Second point: How did Jesus truly love his mother and the rest of his family members? St Maximilian Kolbe once said, “Never be afraid of loving Mary too much. You can never love her more than Jesus did.” That is a beautiful and profound truth. No question that Jesus loves his mother perfectly. But I believe there is something deeper in Jesus’s way than the usual way sons and daughters love their parents. And here is where Mary becomes even more luminous.

In the Gospel of John, Jesus and Mary are at a wedding, and when the wine begins to run out, Mary is alarmed. She tells Jesus that they are out of wine. At her request, Jesus acts. Did Jesus act because it was his mother who requested? If the request came from another person who was not related to Jesus, would Jesus not have done the miracle at Cana?

But Jesus responds in a way that surprises us yet again. He says, “Woman, what have I to do with you? My hour has not yet come” (Jn 2:4). Mary, however, does not seem to be offended.

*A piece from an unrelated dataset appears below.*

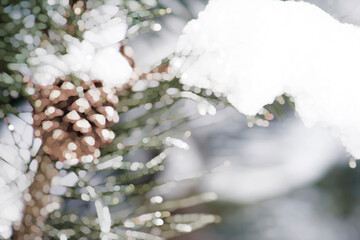 Snow Covered Pinecone on a Conifer Tree in the Winter (filtered photo) Backdrop, Border, Frame, Background, Wallpaper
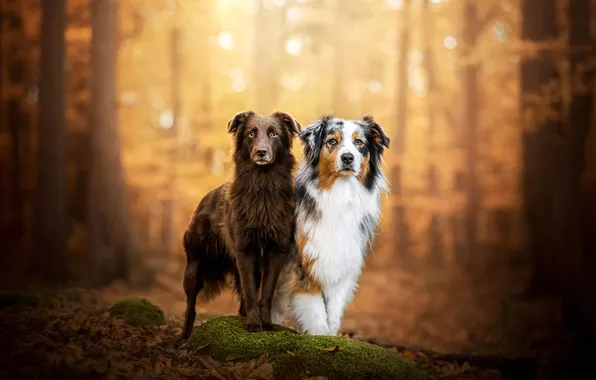 Autumn, forest, dogs, look, light, trees, nature, pose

And rightly so. Mary does not think that, being the mother, she has a right over her son, that she is entitled to the miraculous powers of her son. Far from it.

If Mary did not hold on to privileged ties of family, what was it that she held on to? Mary simply held on to her genuine concern for the bride and the bridegroom who were faced with a very pressing need. This show of great compassion in Mary was so powerful that even Jesus was moved in compassion to respond to the need. The beginning of the mission of Jesus, then, is borne out of the here and now of basic and pastoral needs of people around him. I would like to believe that the miracle at Cana was a shared one, with the help of Mary through her keen sense of the needs of others—contemplating them in her heart.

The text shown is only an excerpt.